Note: When updating an active Elasticsearch Configuration to include the Asset Content and/or Asset Reference node fields as default facets, you must delete the indexes and republish to view the Asset Content and/or Asset Reference node fields on the Web UI Search Screen. If you are creating a new configuration, all configuration settings are implemented when you Publish to the Elasticsearch Database (refer to the section above).

  1. Identify the Index Prefix of your active Elasticsearch Configuration as defined in the Initial Configuration step of the wizard. For more information, refer to the Creating an Elasticsearch Configuration topic here.

  2. Choose a method to delete indexes:

    • Elasticsearch API: Refer to the directions at https://www.elastic.co/guide/en/elasticsearch/reference//current/indices-delete-index.html

    • Kibana – Dev Tools: Update the following query with your index prefix and run it to manually remove indexes for all context and workspace combinations. In this example, all context and workspace combinations with the prefix of ‘my-index-000001’ are removed.

      DELETE /my-index-000001*

    • Kibana – Manage Indices: From the Kibana Index management screen, from the ‘Manage Indices’ menu select the ‘Delete indices’ option.

  3. Generate events for the STEP data required in the Search Screen using the republish action as defined in the Event-Based OIEP Forward, Rewind, Purge, and Republish topic of the Data Exchange documentation here.

  4. Publish STEP data to the Elasticsearch database by invoking the event processor running the Elasticsearch Configuration as defined in the Running an Event Processor topic of the System Setup documentation here. New indexes are created using the Index Prefix in the configuration.

Create New Indexes and Republish

This method allows you to keep the current index for faceted search although it will no longer be active. Additional faceted search indexes will be created with a new Index Prefix. None of the selected object types and data specifications are changed, but additional configuration may be required.
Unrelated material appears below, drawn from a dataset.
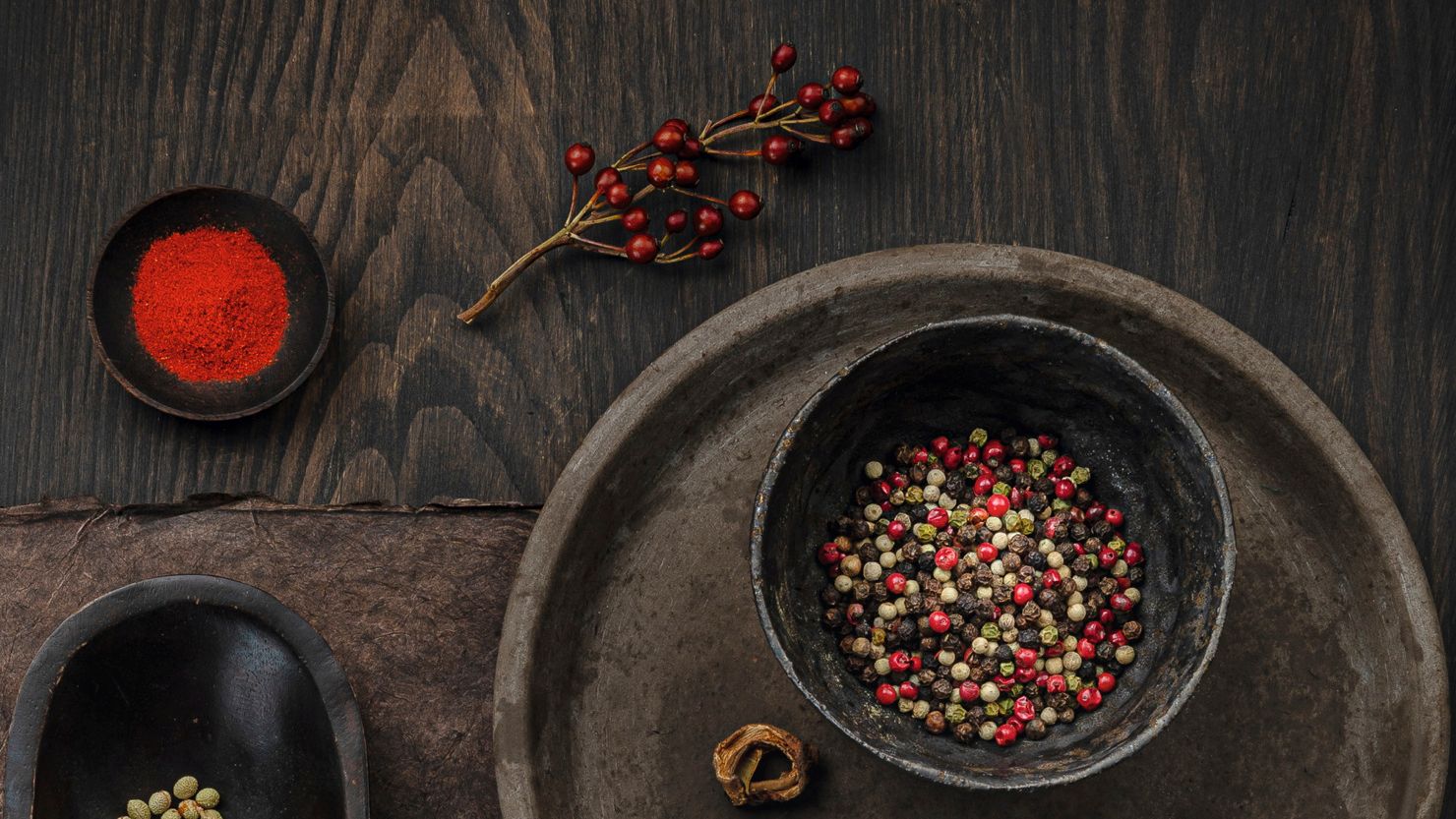 Von oben fotografiertes, dunkles und stimmungsvolles WIBERG Bild mit verschiedenen Gewürzen, u.a. Paprika, bunter Pfeffer, Kardamom, Langpfeffer, Tomatenflocken und Muskat.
  1. In STEP, use the Duplicate option on the Maintain menu to duplicate your active Elasticsearch Configuration. Alternatively, export the configuration using STEPXML, modify the ID of the configuration, and reimport the STEPXML.
  2. On the new configuration, change the Index Prefix of your active Elasticsearch Configuration as defined in the Initial Configuration step of the wizard. For more information, refer to the Creating an Elasticsearch Configuration topic here.
  3. Generate events for the STEP data required in the Search Screen using the republish action as defined in the Event-Based OIEP Forward, Rewind, Purge, and Republish topic of the Data Exchange documentation here.
  4. Publish STEP data to the Elasticsearch database by invoking the event processor running the Elasticsearch Configuration as defined in the Running an Event Processor topic of the System Setup documentation here. New indexes are created using the Index Prefix in the configuration.